Os poemas desse livro promoveram um reencontro comigo mesma: reencontrei a menina de minha infância, que seduzida pela literatura de cordel, aprendeu a ler sozinha, apenas para poder desfrutar daquelas histórias que tanto a seduziam. Espero que os leitores e leitoras de A palavra em preto e branco possam ser tomados/as pelo mesmo alumbramento que esses poemas provocaram em mim.

A poesia de Lílian Paula Serra e Deus surge, assim, como uma possibilidade de escape, como um oásis em meio ao deserto, a tranquilidade que se busca em meio ao tumulto da vida moderna. Lílian Paula busca, através das palavras, construir pontes que se elevam bem acima da “Superfície do Caos”, abrindo estradas e iluminando caminhos.

Depois de ser iluminada por essas palavras em preto e branco, deixo aqui um singelo convite: devorem os poemas desse livro que já nasce grande. Saboreiem cada verso e, quem sabe, a gente possa aprender: “Pra onde vai o ser humano? /Quantos já venderam a alma ao dinheiro? /E quem vai pagar pelas almas que não querem se afogar?”. Mergulhem nos versos e reversos de A palavra em preto e branco. Mergulhem sem medo. Apreciem sem moderação.

Referência

DEUS, Lílian Paula Serra e. A palavra em preto e branco. Vitória: Clock-book, 2017.

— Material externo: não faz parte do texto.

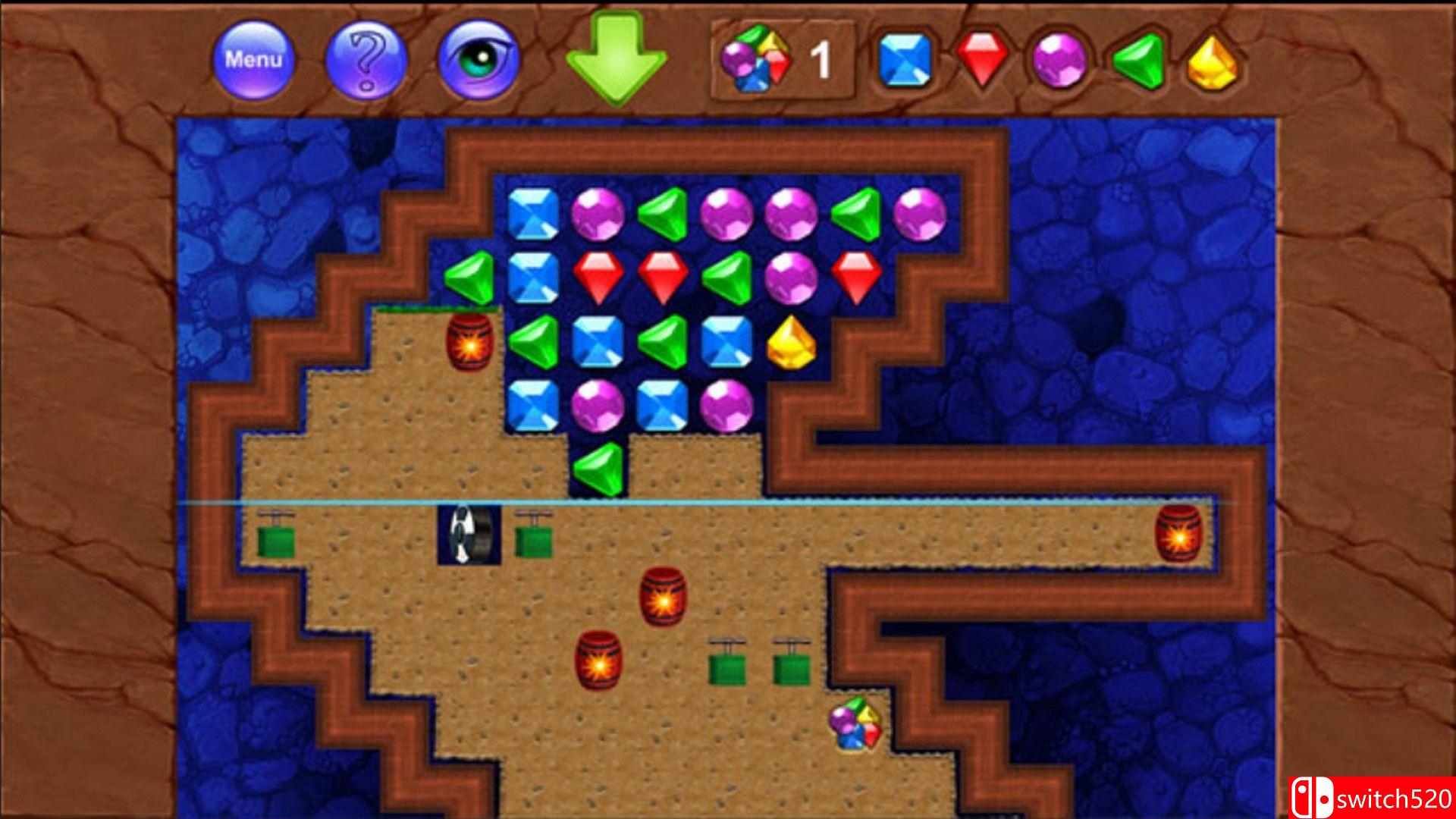 《挖地》游戏截图3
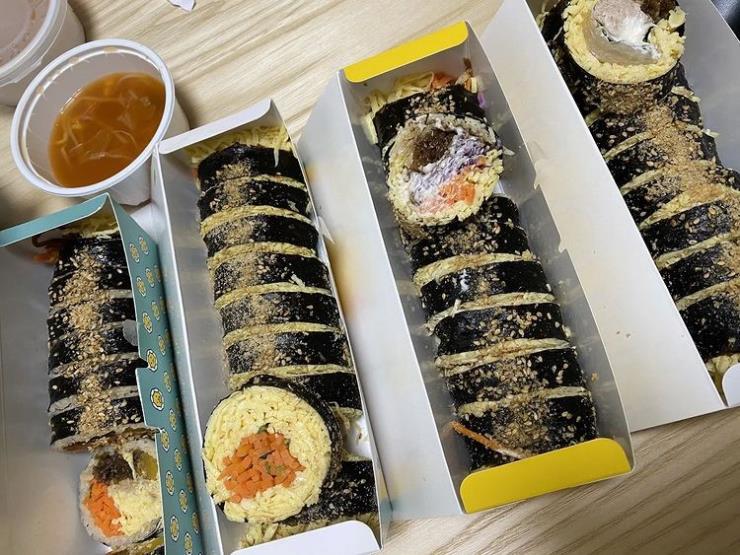 소문난김밥 이미지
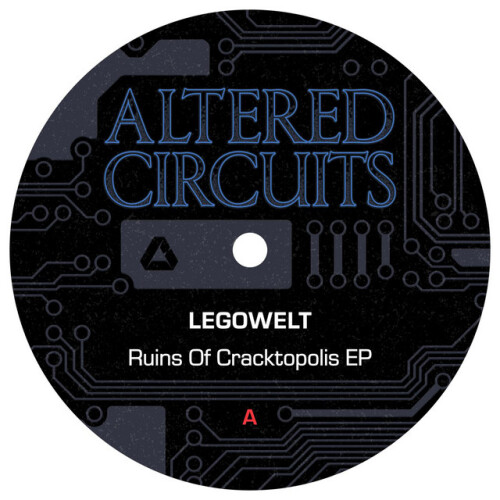 Legowelt-Ruins Of Cracktopolis EP-(ALT012)-24BIT-WEB-FLAC-2025-BABAS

* Franciane Conceição da Silva é Mestre em Letras, Estudos Literários, pela Universidade Federal de Viçosa – UFV, Doutora em Letras, Literaturas de Língua Portuguesa, pela PUC Minas e professora do Curso de Letras da Universidade Federal da Paraíba – UFPB. É organizadora do livro Literaturas africanas: narrativas, identidades, diásporas (2016).